The Week In Hindsight 14 February 2014
The NIKKEI came in final place against other developed market indices this week as consumer confidence dipped while the nation itself posted its largest current account deficit ever. The spread between the value of imports and exports widened to 0.2 trillion yen for the month of January, driven by record levels of imports while exports on the month were seen as suppressed due to the recovery in the yen.
Despite the drop in stocks Japanese policy makers remain satisfied with the outlook for the economy. Robust performances from CPI indexes have helped to boost confidence in the government’s ability to end deflation while the sales tax increase due in April is likely to lead to yet more stimulus in the summer. This would be positive for stocks and should ensure that the correction in the NIKKEI bottoms at the 13,000 level.

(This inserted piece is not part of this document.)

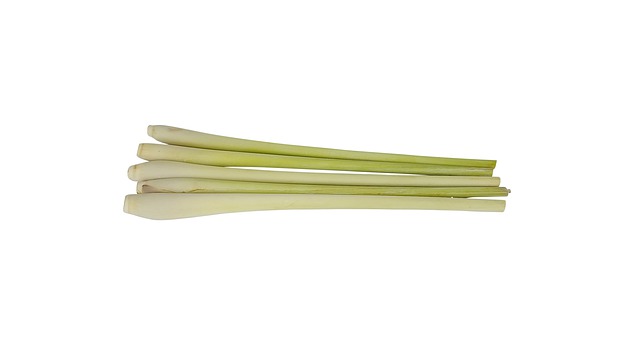 These culinary herbs in the kitchen can enhance the taste of your food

For investors in Japan the road ahead is likely to get rougher as the outlook surrounding the impact of April’s sales tax is uncertain however, there is a supporting case for staying invested in the nation. This is as any indications of trouble being in store for the economy are likely to be met by further volleys of money printing and bond buying which would supportive of higher levels for stocks alone.
In addition to this, many commentators have a tendency to forget the $16 trillion of household financial assets which are currently asleep in Japan. It is estimated that 50% of this amount currently takes the form of cash deposits. Should incentives to hold cash reduce further at a time when JGB (Japanese Government Bond) yields continue to compress, capital flows toward equities could increase dramatically. Given the sheer scale of cash piles on household balance sheets, the transference of even a small portion of this into equities has the potential to have a significant impact upon Japanese stock markets.
For these reasons we continue to believe that the stars are aligned for Japanese stockholders.